Instructor: Dr. Sylvia Guendelman

Presented by Michael Sholinbeck

URL for this web page: www.lib.berkeley.edu/PUBL/SPH/PH293JC_F12.html


The Public Health Library, Location, Reference, Off-Campus Access to Library Resources

Sheldon Margen Public Health Library home page
    Mon.-Thurs. 9-8
    Fri. 9-5
    Sat.-Sun. 1-5

Reference Services
  In-person: come to 1 University Hall (in the basement)
  Reference Desk hours: M-F 10-12, 2-4
  Other options include IM chat (24/7) and email reference.

How to set up off-campus access to library resources (databases, online journals, etc.)

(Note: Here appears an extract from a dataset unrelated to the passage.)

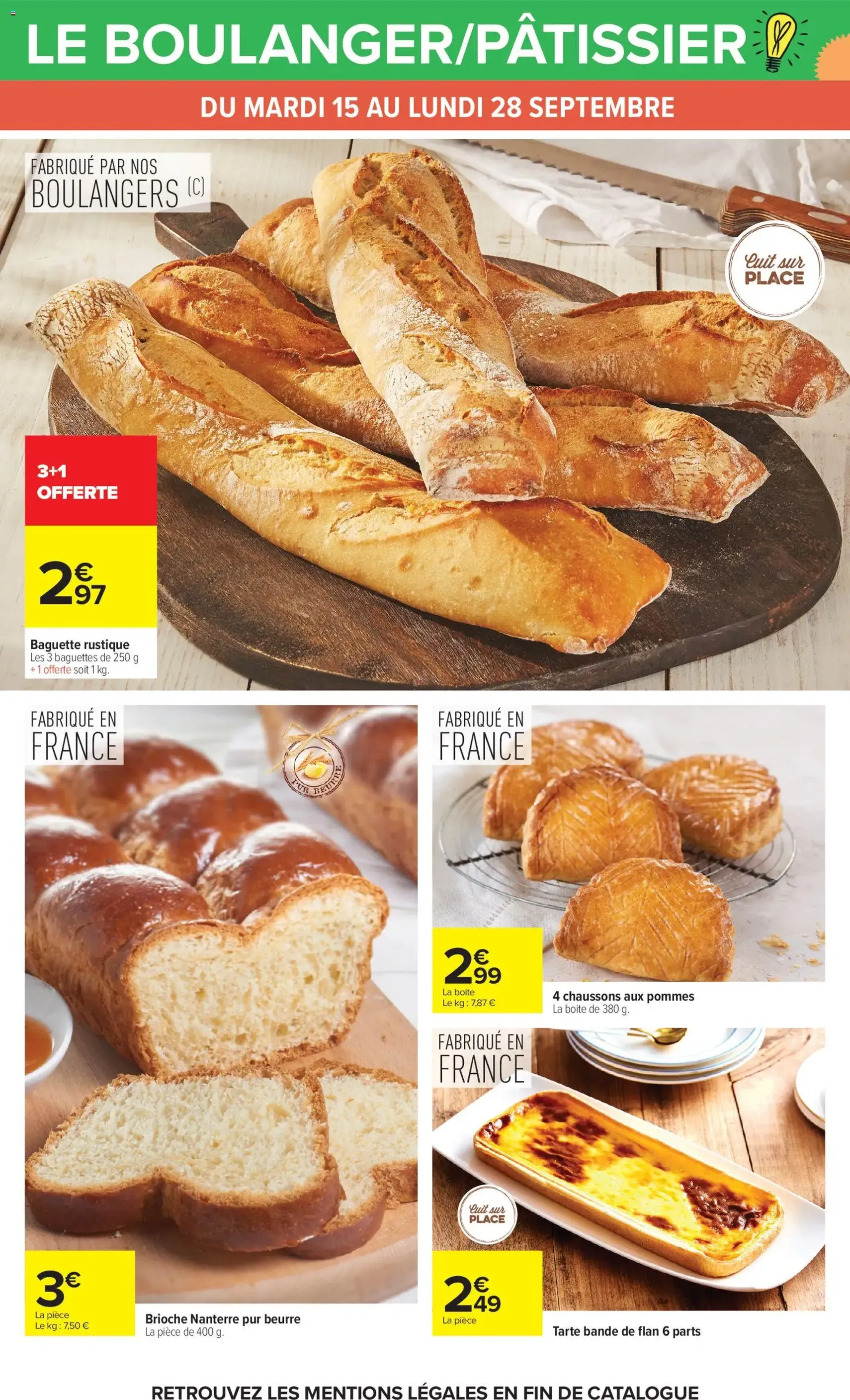Carrefour Market catalogue - brochure valable à partir du 15/09/2026, page 31 sur 93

Starting the Library Research Process

What causes disease?
You might start by considering the interaction and interdependence of environmental factors (pollution, disasters, outbreaks) and social factors (smoking, obesity, drug use).
  » Exacerbation of asthma in West Oakland "caused" by air pollution and/or smoking
But consider:
  » Is it "caused" by inadequate regulation of transportation, energy production, and tobacco?
  » Or by historical racism in housing and neighborhood characteristics?
  » Are genetic factors relevant?
  » What about health insurance disparities which affect access to appropriate prescription drugs?
  » Is lack of appropriate child care services for working women a factor?

Is your topic researchable?
  » "The harmful effects of domestic beer consumption among students at Cal's Big Game"
  » "Binge drinking among college students in the United States"
  » "Alcohol consumption by young adults"

Using PICO to help with your search
(Modified from https://sph.uth.tmc.edu/charting/handouts/ebph_handouts/ebph_workshop.htm)
PICO is a taxonomy used in Evidence-Based Medicine. For Public Health questions, PICO stands for:

Example: A group of children come down with measles. The parents of these kids are concerned about the potential health risks of vaccinations and have decided not to vaccinate any of their kids. You need to develop an intervention that increases the likelihood that this group will vaccinate their kids.

  • Population: children with measles
  • Intervention/exposure: program to increase vaccinations
  • Comparison: group not exposed to intervention
  • Outcome: Does the exposed group have an increased rate of vaccinations compared to the non-exposed group? Is there a decreased rate of measles among the children of parents exposed to the intervention?

Translate this into a PubMed search strategy (more on PubMed below)
One possibility is: Measles/prevention and control AND Measles Vaccine/therapeutic use AND Children AND Health promotion

Let's talk about indexing!
  » Do you want articles on labor or articles on labor? Or is it labour?
  » Do you want articles on HIV (a virus) or articles on HIV diseases?
Index means a controlled vocabulary is used to assign subject terms to articles.
Subject terms may also be called thesaurus terms, descriptors, or (in PubMed) Medical Subject Headings (MeSH).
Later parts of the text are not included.